After that first year, it became our tradition to sit under the dark dome of night sky late each summer, staring into the vastness of heaven, waiting in anticipation for another star shower. I have memories of some evenings that were calm with only a few streaks to delight our sleepy eyes. There were years when the stars fell in such profusion, that we couldn’t have counted them if we tried. The custom developed; there were years of star entertainment with popcorn and sodas, years when we got more mosquito bites than bits of light. A few years, clouds blocked the show altogether, like a velvet curtain blocking the stage in front of a theatre. There was the year we invited friends and drove out into the countryside, gazing into the sky while washing down sweet Krispy Kreme donuts with milk, nestled all cozy in the bed of Steve’s pick-up truck, made soft with multiple quilts and pillows. One year, our family of four all attended youth church camp in northeast Texas at just the right time in August to share our fun; camp counselors tucked the tired youngsters into their bunks, then quietly stole outside with sleeping bags and lay back in eager vigil on the meadow outside the cabins. We were treated to an extraordinary light show that year, far from the interference of brightness of town, the flashes and streaks were like a fireworks display, an amazing gift from the milky way stretching across the sky above us.

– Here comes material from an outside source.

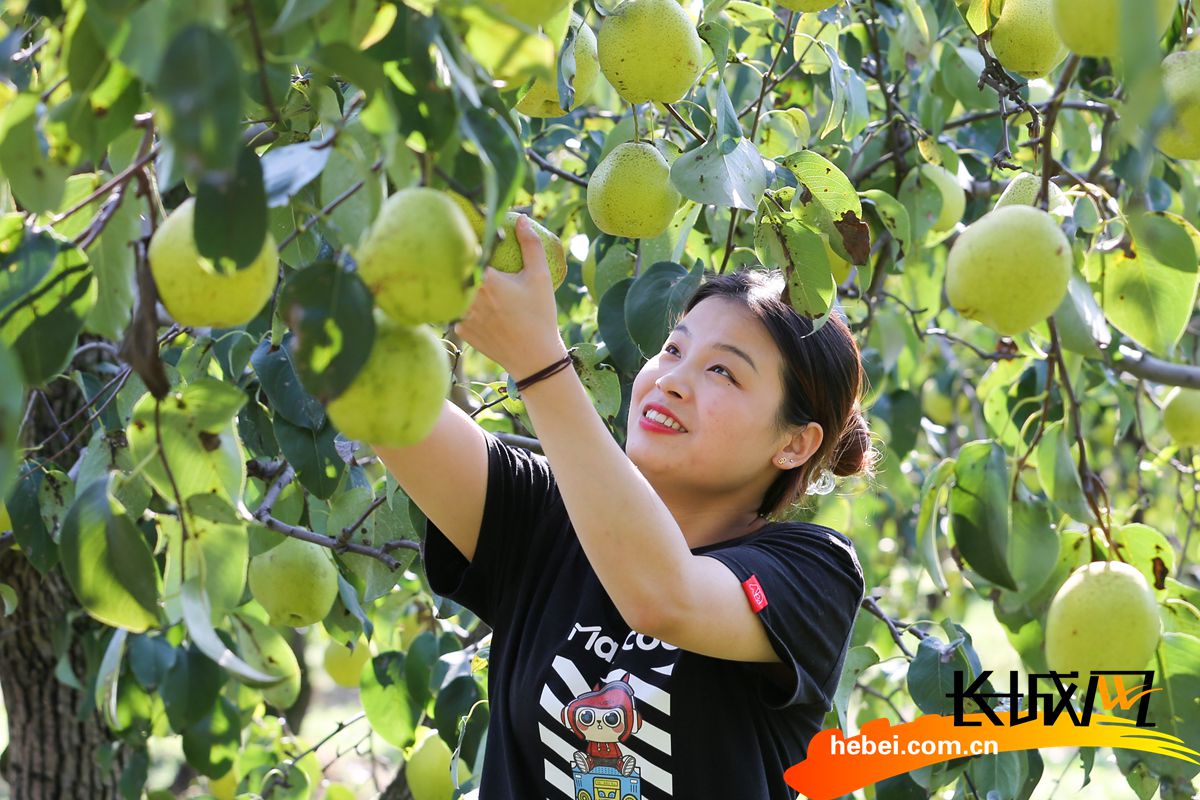 游客在晋州市总十庄镇武邱村的梨园游玩.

As the years passed, Kirstyn and Kalyn had busier lives. Some years one or the other wasn’t present to observe the flares in the sky. We sought the light anyway, gazing upward beside the ones who were present. As children do, the time came when both girls left home, gone to meet the world on their own terms. Every August, I still am stirred to venture out into the night and look up into the blackness. From the backyard of my empty nest, the sky looks bigger than before, the stars seem farther away, their twinkle dimmed by the distance. I hug my arms around myself and close my eyes in reverie; just beyond my grasp are those warm summer nights from before, the taste of popcorn or sweet donut glaze on my tongue, the scent of cut grass cooling in the evening breezes of my memories. The loneliness for earlier days with my girls closes in around me in place of the blankets from those earliest years. I wonder, somewhere in those vast heavens, are the sounds of our joy and delight from decades past still rocketing outward into the blackness? Do the memories of those childhood August evenings bring a smile to my girls, like it does to me? Do they ever look upward at night and long for the sky above them to shower down upon them like before?
As I wait in the solitary night, gazing up, for a moment I hear the sweet voice of 4 year old Kirstyn… words of her favorite song echo in my mind, coming back from those enchanted days….’Somewhere out there, beneath the pale moonlight, someone’s thinking of me, and loving me tonight. Somewhere, out there, someone’s saying a prayer, That we’ll find one another in that great somewhere out there. And even though I know how very far apart we are, It helps to think we might be wishing on the same bright star. And when the night wind starts to sing a lonesome lullaby, it helps to think were sleeping underneath the same big sky!”.
Thanks to the grand universe for your dazzling, hurling hunks of rock! Thanks to a meteorology professor who decades ago sparked the summer nights for me and my girls. Thank you creator of the heavens, for the gift of my daughters who make my eyes shine, lighting my lifetime.